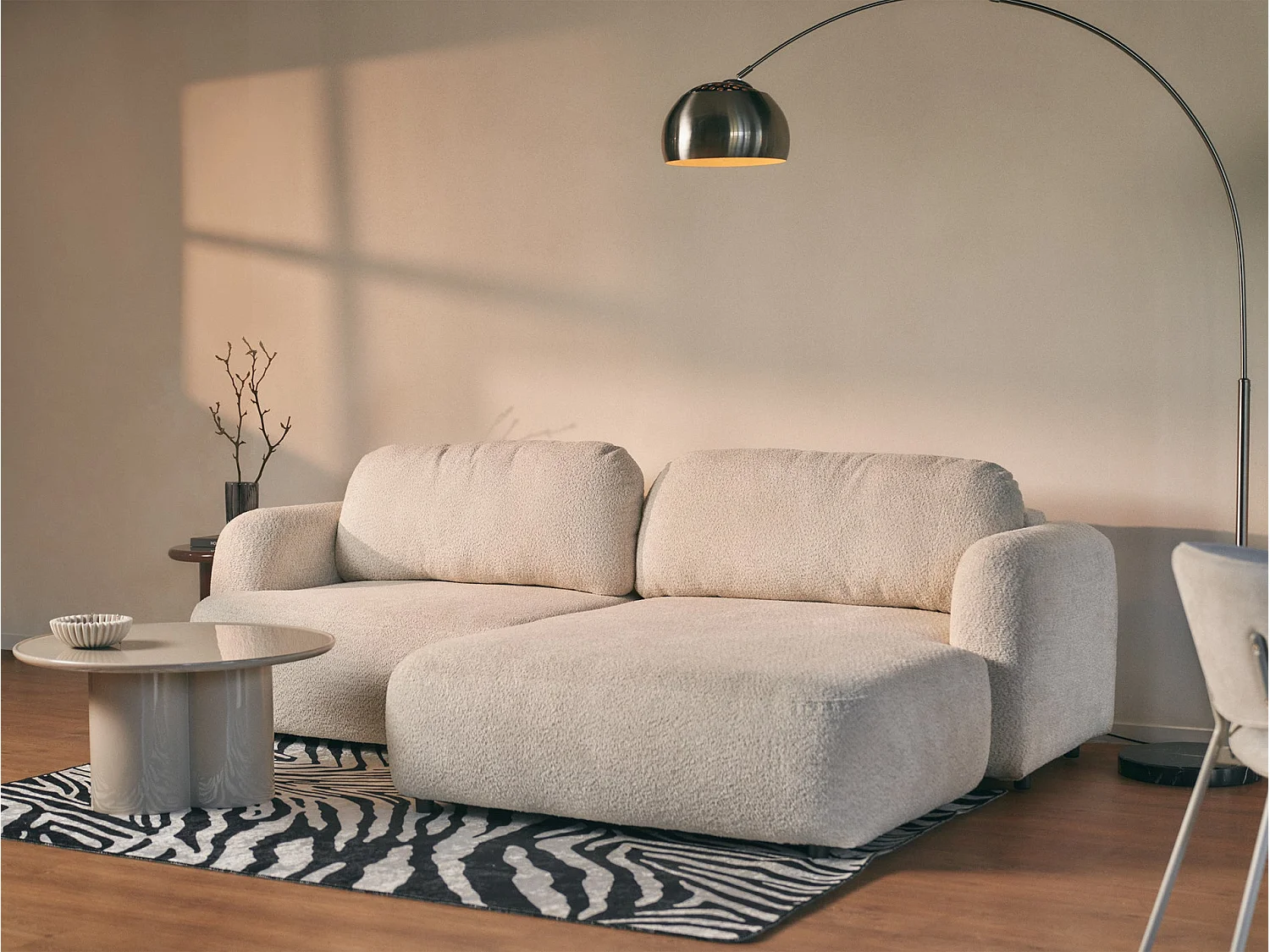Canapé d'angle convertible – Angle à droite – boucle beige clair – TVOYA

---

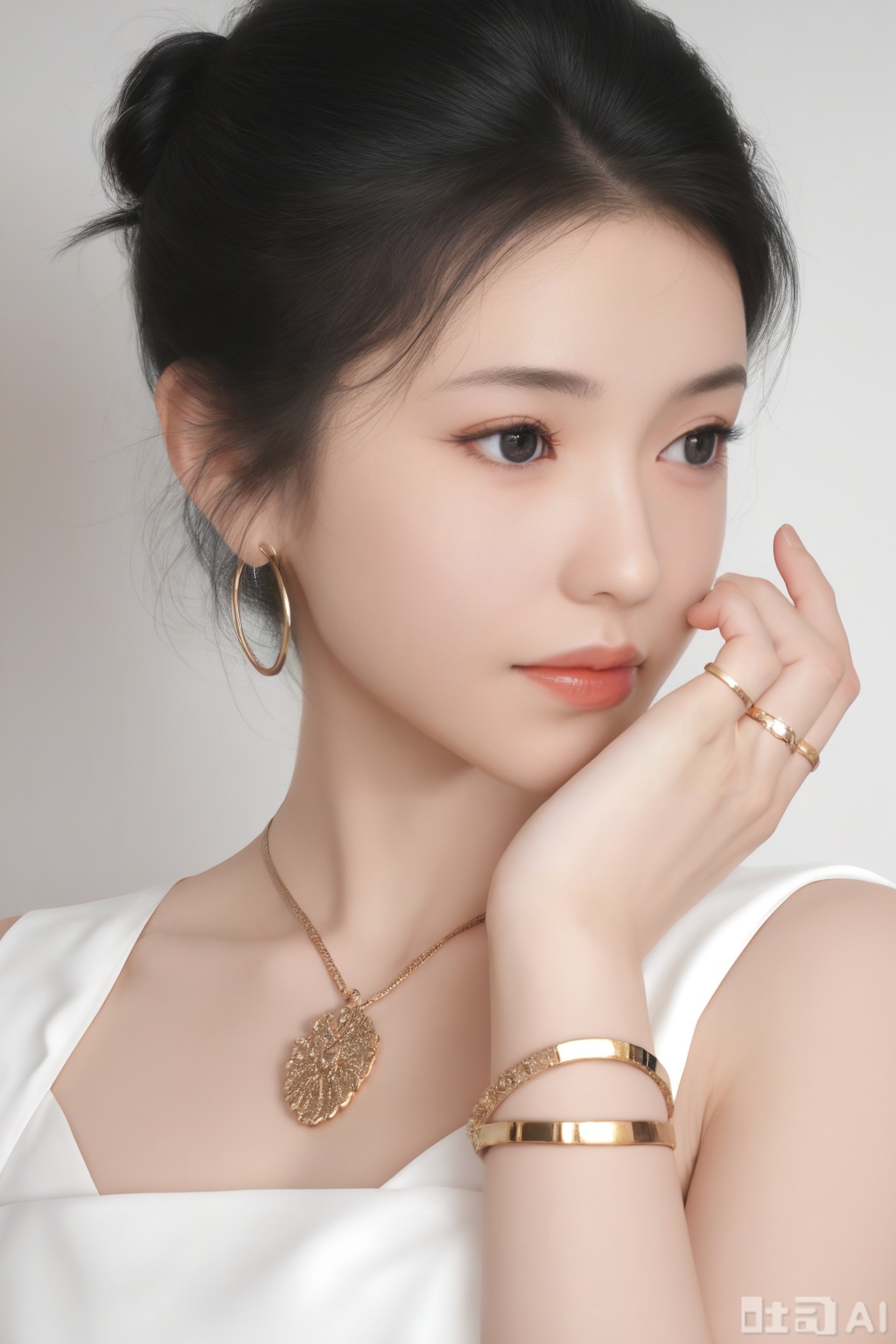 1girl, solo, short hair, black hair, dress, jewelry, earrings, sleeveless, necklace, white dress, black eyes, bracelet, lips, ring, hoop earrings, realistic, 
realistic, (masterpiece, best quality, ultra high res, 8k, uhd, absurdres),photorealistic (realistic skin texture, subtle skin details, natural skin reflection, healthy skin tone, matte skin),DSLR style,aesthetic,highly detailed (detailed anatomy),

--

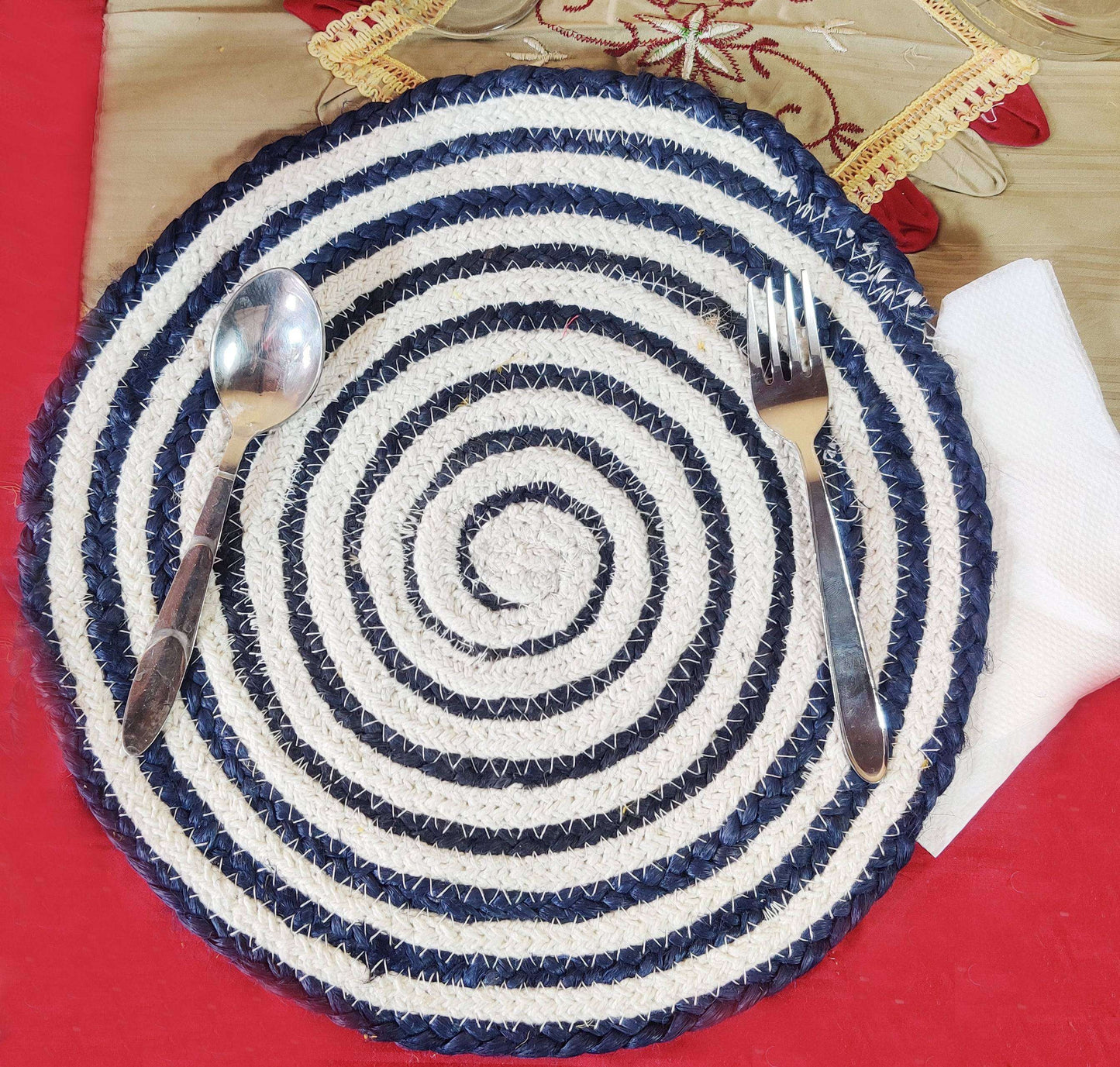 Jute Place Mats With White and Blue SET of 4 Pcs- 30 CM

TASK TO CARRY OUT: After locating "1girl, solo, short" and "realistic, (masterpiece, best" in the records above, return exactly the line holding each one and every line between them; leave out the pictures.

COMPLETED TASK:
 1girl, solo, short hair, black hair, dress, jewelry, earrings, sleeveless, necklace, white dress, black eyes, bracelet, lips, ring, hoop earrings, realistic, 
realistic, (masterpiece, best quality, ultra high res, 8k, uhd, absurdres),photorealistic (realistic skin texture, subtle skin details, natural skin reflection, healthy skin tone, matte skin),DSLR style,aesthetic,highly detailed (detailed anatomy),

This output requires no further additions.